** Opening Records to process block **

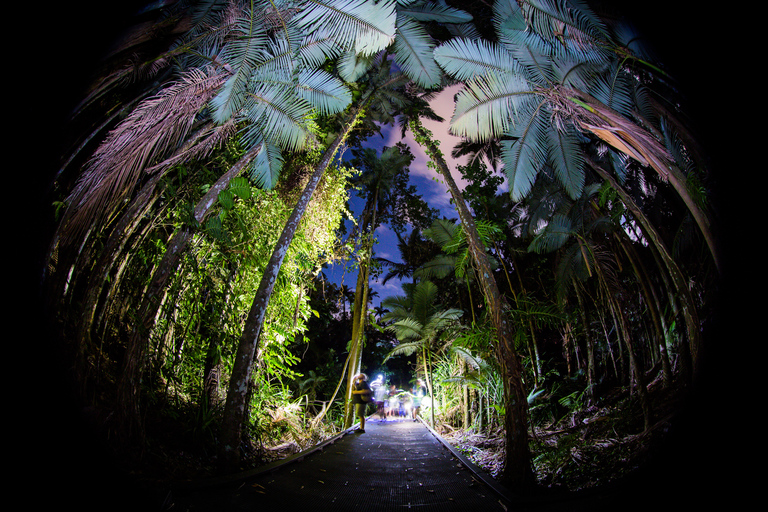 Cairns: nachtwandeling in de botanische tuin van Cairns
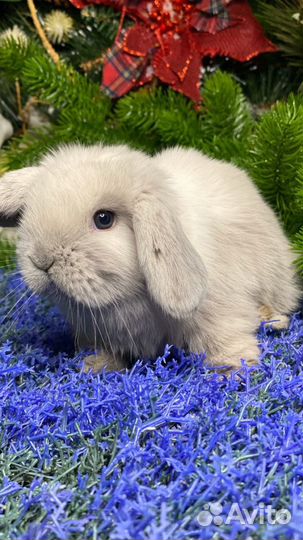 Царские карликовые кролики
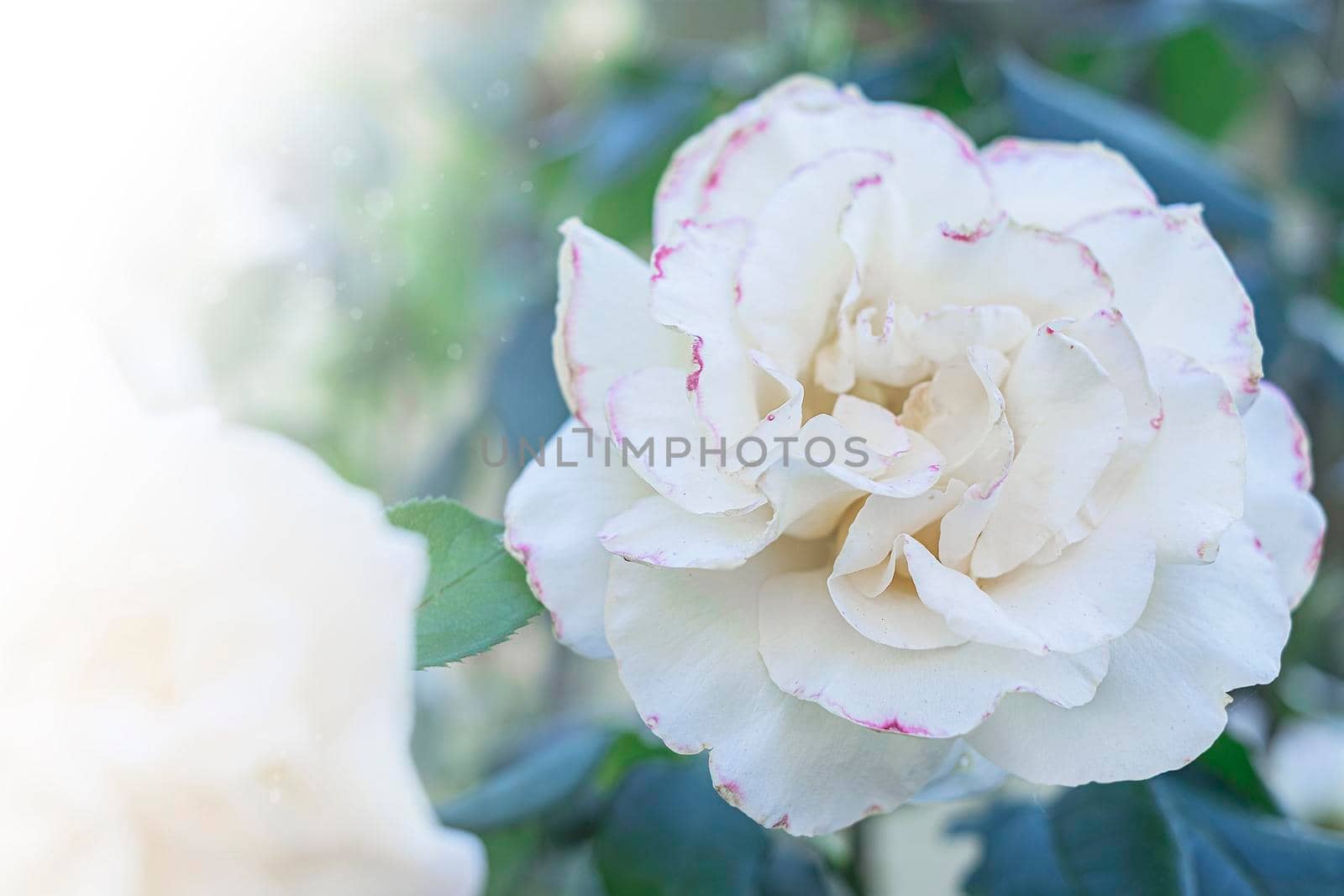 beautiful white Rose in the garden in the rays of the sun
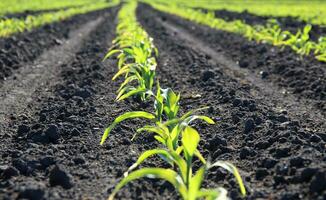 Rows of young green sprouts on agricultural field photo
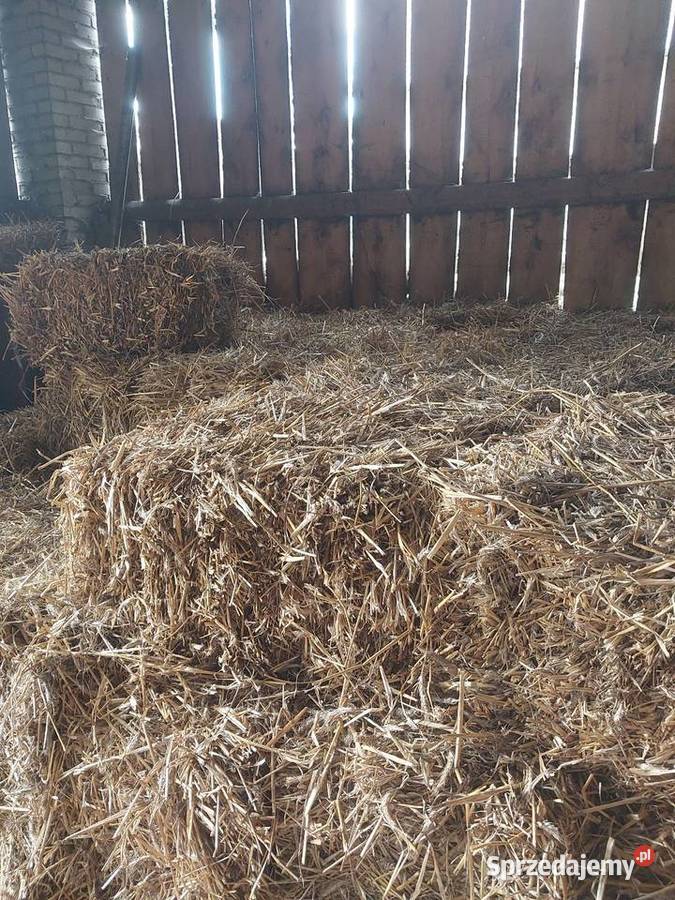 Słoma w kostkach zbiór 2025 Trawy, słoma Wola Zarczycka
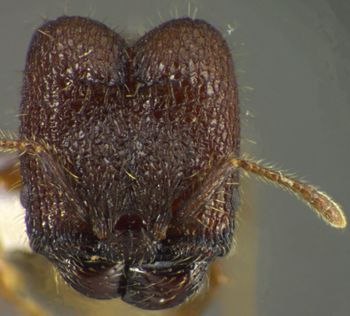 Media type: image;   Entomology 34159 Aspect: head frontal view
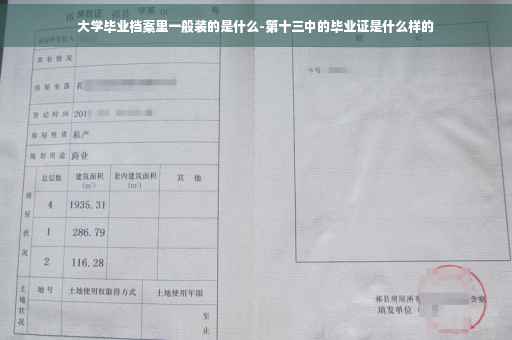 大学毕业档案里一般装的是什么-第十三中的毕业证是什么样的
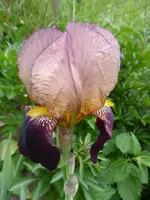 P1010131.webp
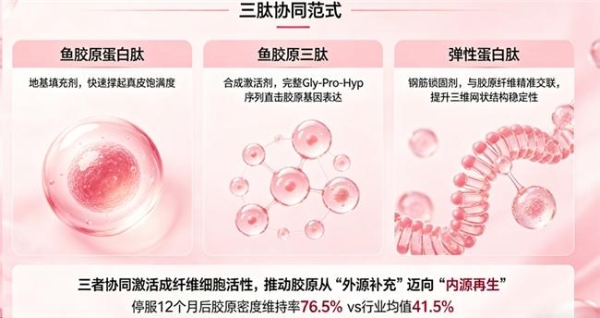 中国十大胶原蛋白排行 2026年胶原蛋白肽怎么选？实测10款热门款，谁真正能被皮肤吸收 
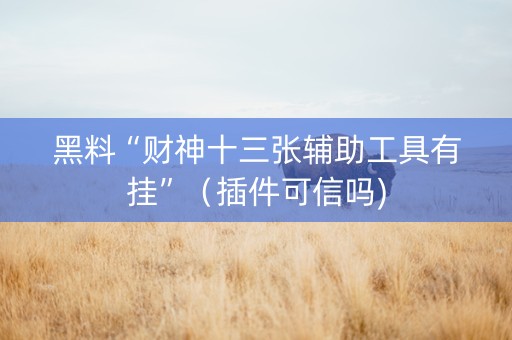 黑料“财神十三张辅助工具有挂”（插件可信吗)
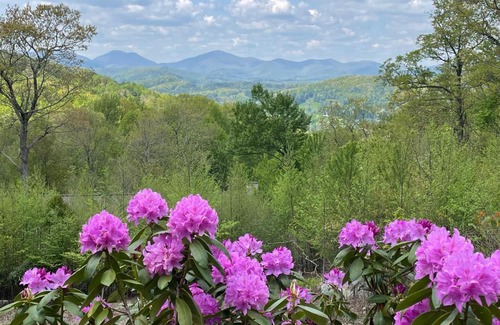 Boone Casa | Escape to Blue Ridge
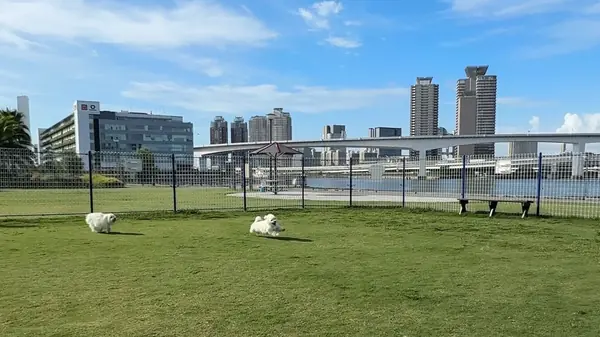 豊洲ぐるり公園 ドッグラン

** Closing Records to process block **

**Work required:**
From the data above, return only the lines starting at the line that holds "Царские карликовые кролики" and ending at the line that holds "P1010131.webp", word for word and without pictures.

**Solution for this exercise:**
 Царские карликовые кролики
 beautiful white Rose in the garden in the rays of the sun
 Rows of young green sprouts on agricultural field photo
 Słoma w kostkach zbiór 2025 Trawy, słoma Wola Zarczycka
 Media type: image;   Entomology 34159 Aspect: head frontal view
 大学毕业档案里一般装的是什么-第十三中的毕业证是什么样的
 P1010131.webp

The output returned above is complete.